Dataset entries Start Marker
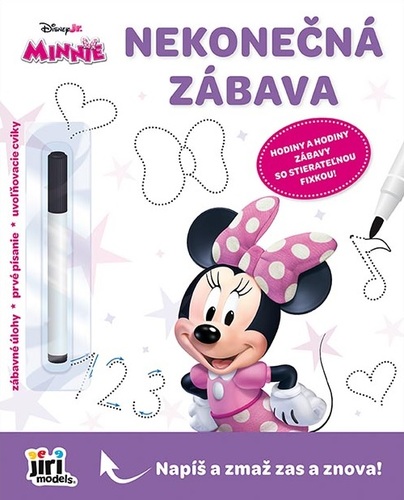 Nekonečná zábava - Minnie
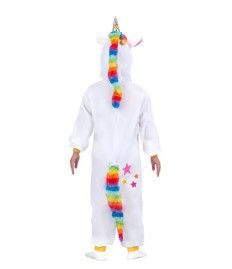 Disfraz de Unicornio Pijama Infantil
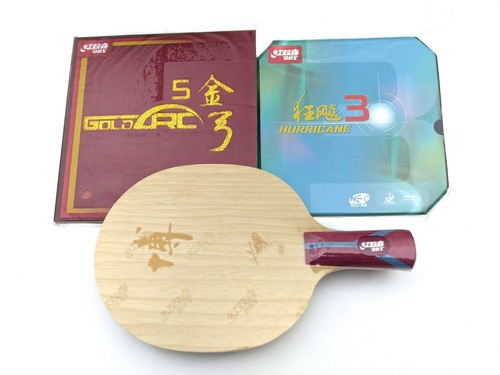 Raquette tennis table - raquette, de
Dataset entries End Marker
Dataset entries Start Marker
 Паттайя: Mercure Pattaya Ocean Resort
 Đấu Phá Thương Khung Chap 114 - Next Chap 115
Dataset entries End Marker
Dataset entries Start Marker
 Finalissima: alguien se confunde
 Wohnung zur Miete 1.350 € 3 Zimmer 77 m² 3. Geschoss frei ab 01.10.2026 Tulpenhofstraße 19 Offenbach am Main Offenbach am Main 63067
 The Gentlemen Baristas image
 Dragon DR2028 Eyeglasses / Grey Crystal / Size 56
Dataset entries End Marker
The entries above hold the needed span. Transcribe exactly the lines from the one with "Паттайя: Mercure Pattaya Ocean Resort" to the one with "Đấu Phá Thương", both included.

> **Task output**:
 Паттайя: Mercure Pattaya Ocean Resort
 Đấu Phá Thương Khung Chap 114 - Next Chap 115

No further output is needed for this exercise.